Mark Gross

Postdoctoral Research Associate in Population Studies


Mark Gross is a mixed-methods sociologist whose research focuses on a wide range of issues, from violence and informal social control, to urbanization, migration, and health.  His dissertation, More Than Just ‘Mob Violence’: An In-Depth Look at Vigilante Violence in South African Townships, examined vigilante violence and informal social control in South Africa. This research is based on extensive fieldwork and explains the geographic variations in South African vigilante violence by drawing on the well-established literature on social disorganization, informal social control, and violence. A solo-authored paper from his dissertation, "Vigilante Violence and 'Forward panic' in Johannesburg's Townships," has recently been published in Theory and Society

Mark has also done research on racial inequality and residential segregation in the U.S. and demography in Africa. Mark’s work has resulted in multiple conference presentations, including at the Population Association of America and American Sociological Association annual meetings, and three co-authored publications, ““Doing” and “Undoing” Gender in Fathering Research: Evidence from the Birth to Twenty Cohort Study in South Africa” in Fathering and, “Kin in Daily Routines: Time Use and Childrearing in Rural South Africa” in the Journal of Comparative Family Studies, and “Moving Beyond the Household: Innovations in Data Collection on Kinship” forthcoming in Population Studies.

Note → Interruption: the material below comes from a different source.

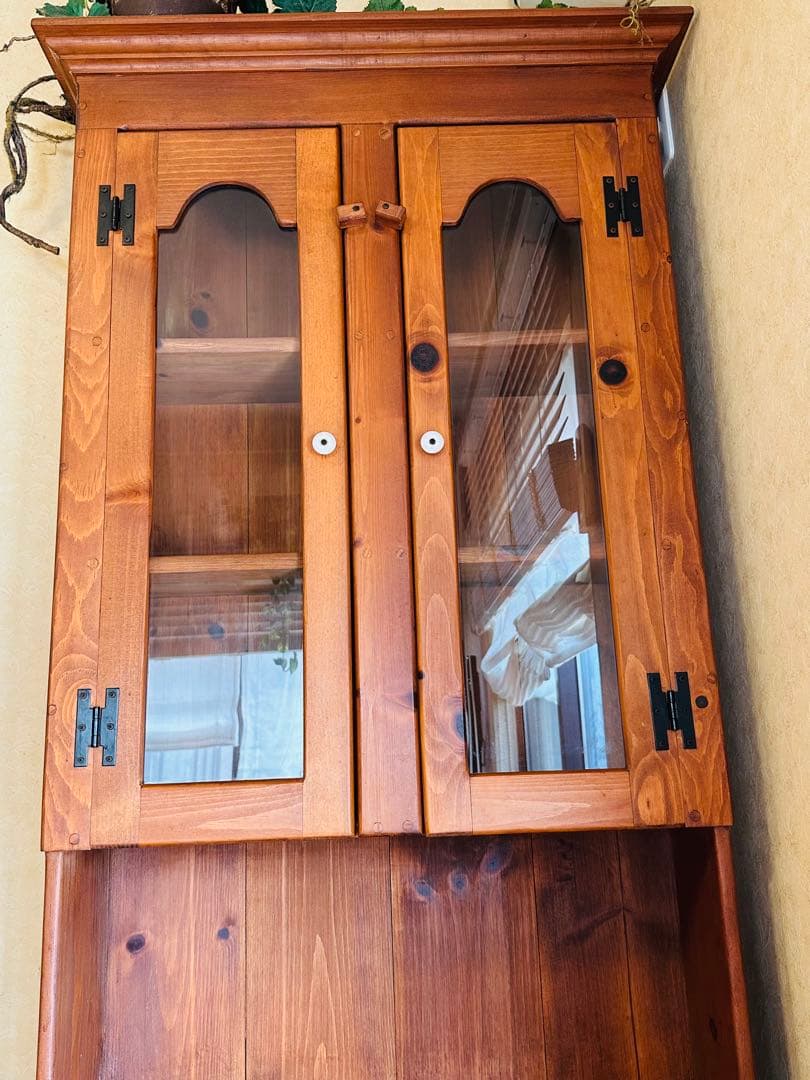 アントステラのカップボード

Currently, Mark is working with colleagues at Brown University and the University of Witwatersrand in South Africa, on an NIH-funded project on migration, urbanization, and health in South Africa.  This research focuses on the sociological determinants and health consequences for migrants from rural South Africa to the urban centers of Gauteng.

Mark is also a passionate and experienced instructor. He has taught four semesters of undergraduate courses of his own design at the University of Maryland-College Park and Hunter College of the City University of New York.